← Back to context

Comment by antonvs

2 days ago

Subroutine calls are for the weak :)

There's some more detail here: https://ed-thelen.org/comp-hist/CRAY-1-HardRefMan/CRAY-1-HRM...

The following quote gives some sense of how "manual" this was:

> "On execution of the return jump instruction (007), register Boo is set to the next instruction parcel address (P) and a branch to an address specified by ijkm occurs. Upon receiving control, the called routine will conventionally save (Boo) so that the Boo register will be free for the called routine to initiate return jumps of its own. When a called routine wishes to return to its caller, it restores the saved address and executes a 005 instruction. This instruction, which is a branch to (Bjk), causes the address saved in Bjk to be entered into P as the address of the next instruction parcel to be executed."

Details were up to the compiler that produced the machine code.

Essentially, the B00 register is a Top Of (Return) Stack or TOS register. It’s great for leaf routines.

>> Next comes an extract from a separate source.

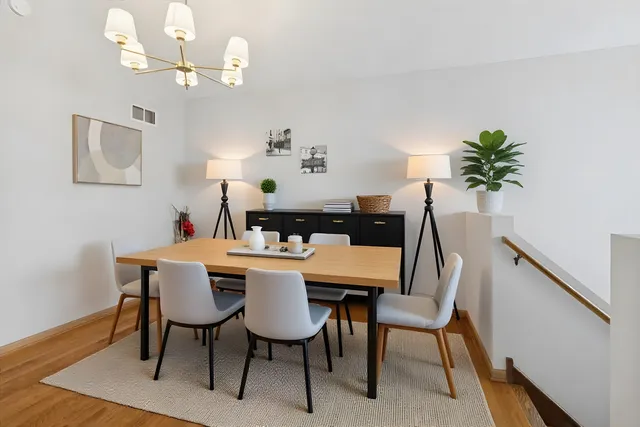 $234,000 | 859 Symphony Drive, Aurora, IL 60504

You have to push it to your preferred stack before the next operation. You do the cycle-counting to decide if it’s a good ISA for your implementation, or not.

Obviously, ISAs with a JSR that pushes to stack are always using an extra ALU cycle for the SP math, then a memory write.

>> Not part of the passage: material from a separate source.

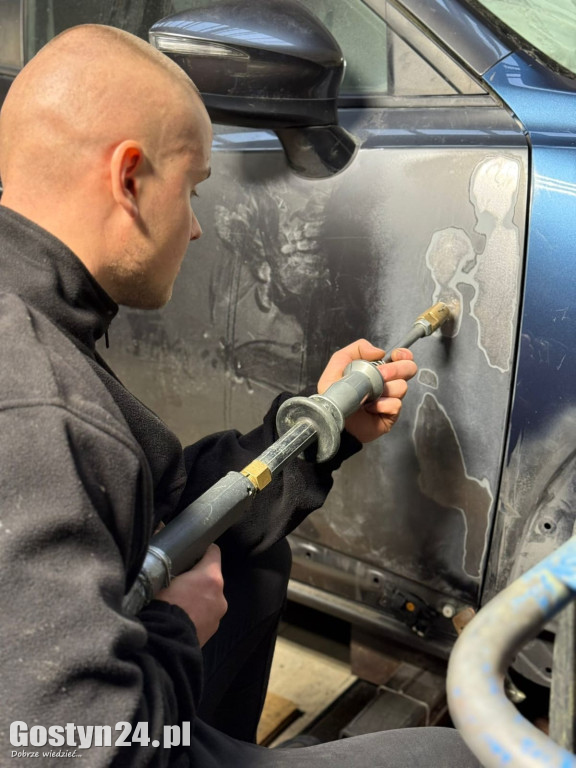 Nowy warsztat blacharski w Gostyniu.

Doing it with a (maybe costless) register transfer followed by (only sometimes) a stack PUSH can work out to the same number of cycles.

With improvements in memory speed or CPU speed, that decision can flip.

Consider that in this era, your ALU also had the job of incrementing the PC during an idle pipeline stage (maybe the instruction decode). Doing a SP increment for a PUSH might compete with that, so separating the two might make the pipeline more uniform. I don’t know any of the Cray ISAs so this is just a guess.